Our polygamous ancestors were accused of being incapable of providing loving homes for their children. Who knows better than we do that this was untrue? Who can deny that our "nontraditional" ancestors left a heritage of hardworking, high-achieving progeny. And yet the fallacy that "nontraditional" marriages erode and destroy family values is one of the main attacks being used against gay and lesbian couples by LDS proponents of Proposition 8.

Most Mormons today would concede that much of the continuing prejudice against the LDS church persists because of our history of "nontraditional" marriage, even though 118 years have passed since the church abandoned polygamy. Still, what religious group has known more hatred and persecution in America than our families? And it lingers. Have today's Mormons not learned to fight against prejudice and the vilification of people who happen to be different?

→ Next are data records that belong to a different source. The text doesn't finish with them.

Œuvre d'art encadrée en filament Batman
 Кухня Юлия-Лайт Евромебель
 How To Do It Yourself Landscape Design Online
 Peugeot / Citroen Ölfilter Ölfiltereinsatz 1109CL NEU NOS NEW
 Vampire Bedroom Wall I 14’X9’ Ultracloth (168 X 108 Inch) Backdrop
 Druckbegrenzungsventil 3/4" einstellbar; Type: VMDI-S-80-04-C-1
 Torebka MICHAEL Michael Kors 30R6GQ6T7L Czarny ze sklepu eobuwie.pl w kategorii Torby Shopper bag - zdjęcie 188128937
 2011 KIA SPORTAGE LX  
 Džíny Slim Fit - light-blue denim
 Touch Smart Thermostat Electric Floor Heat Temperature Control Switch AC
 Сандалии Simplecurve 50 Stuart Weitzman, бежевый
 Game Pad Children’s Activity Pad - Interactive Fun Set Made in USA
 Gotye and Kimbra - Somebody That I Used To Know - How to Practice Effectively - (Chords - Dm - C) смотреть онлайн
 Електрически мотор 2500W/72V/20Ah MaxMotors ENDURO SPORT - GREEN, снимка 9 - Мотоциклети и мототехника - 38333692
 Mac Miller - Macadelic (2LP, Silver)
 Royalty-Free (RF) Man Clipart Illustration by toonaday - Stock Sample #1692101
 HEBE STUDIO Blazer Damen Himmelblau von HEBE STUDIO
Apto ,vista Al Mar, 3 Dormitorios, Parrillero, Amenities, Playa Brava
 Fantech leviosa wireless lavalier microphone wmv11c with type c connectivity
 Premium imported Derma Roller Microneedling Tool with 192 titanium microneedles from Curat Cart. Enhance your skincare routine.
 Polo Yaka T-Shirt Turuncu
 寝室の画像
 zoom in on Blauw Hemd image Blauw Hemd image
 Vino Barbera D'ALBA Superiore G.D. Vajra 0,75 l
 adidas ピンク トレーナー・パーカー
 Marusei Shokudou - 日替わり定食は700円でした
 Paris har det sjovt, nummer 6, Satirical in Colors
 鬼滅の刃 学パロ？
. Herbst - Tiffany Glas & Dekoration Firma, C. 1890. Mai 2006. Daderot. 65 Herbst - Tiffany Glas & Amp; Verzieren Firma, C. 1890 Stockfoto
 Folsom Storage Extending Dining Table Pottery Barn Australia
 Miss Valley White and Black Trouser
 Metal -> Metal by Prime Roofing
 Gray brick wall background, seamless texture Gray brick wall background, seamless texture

Returning to my Mormon roots as a historian has deepened my appreciation for, and gratitude to, my ancestors -- for their struggles and their sacrifices that living in "nontraditional" marriages demanded. My great-great-grandfather was jailed for his marriage, a history that I share with so many practicing Mormons. Given the Mormon experience, why are today's Latter-day Saints not in the vanguard of pleading for acceptance, equal rights and compassion for all Americans? They should be standing up in opposition to Proposition 8, knowing that loving homes and good parenting can come equally from "nontraditional" or "traditional" marriages.

Lola Van Wagenen is a member of the Mormon History Assn. and the author of "Sister-Wives and Suffragists: Polygamy and the Politics of Woman Suffrage, 1870 to 1896."

Anonymous said...

I hope to be there. I have a research paper due on Monday that is still in its formative stages, so... we'll see.

That's an interesting op-ed piece. I don't necessarily agree with Ms. Van Wagenen on the effects of nineteenth-century polygamy on families, women and children, but the way she tells it makes the irony of the current Mormon position much more apparent, so I guess I won't argue with her.